▸ THE TASK
Pull out of the data below the stretch of lines bounded by the one containing "Ветровка Pikolino, цвет цвет красное дерево" and the one containing "JOSY - Trägershirt", both bounds included, unchanged.

[[ DATA IN THIS EXERCISE open ]]

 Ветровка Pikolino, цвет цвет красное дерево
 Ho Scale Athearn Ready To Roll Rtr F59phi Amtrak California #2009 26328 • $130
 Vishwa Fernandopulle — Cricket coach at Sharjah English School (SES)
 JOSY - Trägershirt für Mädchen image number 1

[[ DATA IN THIS EXERCISE closed ]]
[[ DATA IN THIS EXERCISE open ]]

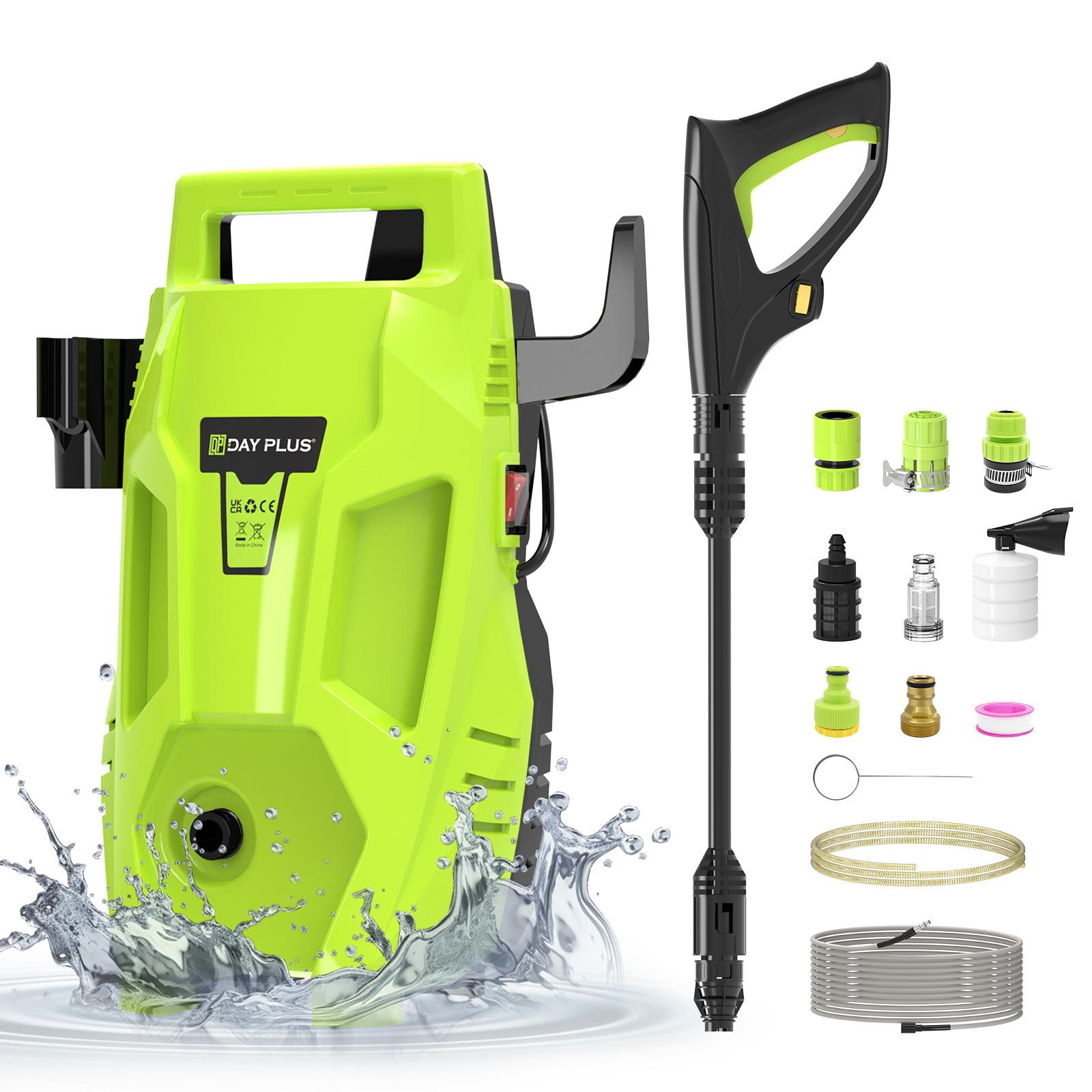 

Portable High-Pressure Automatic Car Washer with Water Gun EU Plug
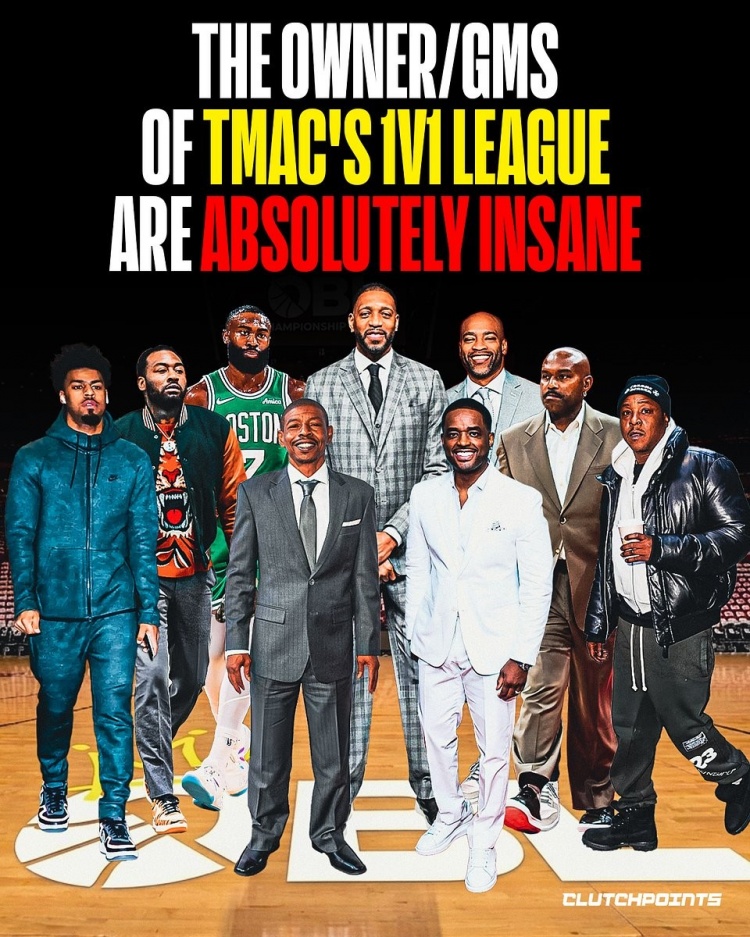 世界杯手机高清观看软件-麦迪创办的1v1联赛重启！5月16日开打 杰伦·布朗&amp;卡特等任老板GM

[[ DATA IN THIS EXERCISE closed ]]
[[ DATA IN THIS EXERCISE open ]]

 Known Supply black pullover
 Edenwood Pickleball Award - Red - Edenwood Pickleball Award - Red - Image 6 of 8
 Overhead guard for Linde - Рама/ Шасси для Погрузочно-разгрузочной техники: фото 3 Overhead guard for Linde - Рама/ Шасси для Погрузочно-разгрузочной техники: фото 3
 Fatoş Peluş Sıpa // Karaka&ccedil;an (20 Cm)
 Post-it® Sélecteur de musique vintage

[[ DATA IN THIS EXERCISE closed ]]

▸ WRITTEN SOLUTION
 Ветровка Pikolino, цвет цвет красное дерево
 Ho Scale Athearn Ready To Roll Rtr F59phi Amtrak California #2009 26328 • $130
 Vishwa Fernandopulle — Cricket coach at Sharjah English School (SES)
 JOSY - Trägershirt für Mädchen image number 1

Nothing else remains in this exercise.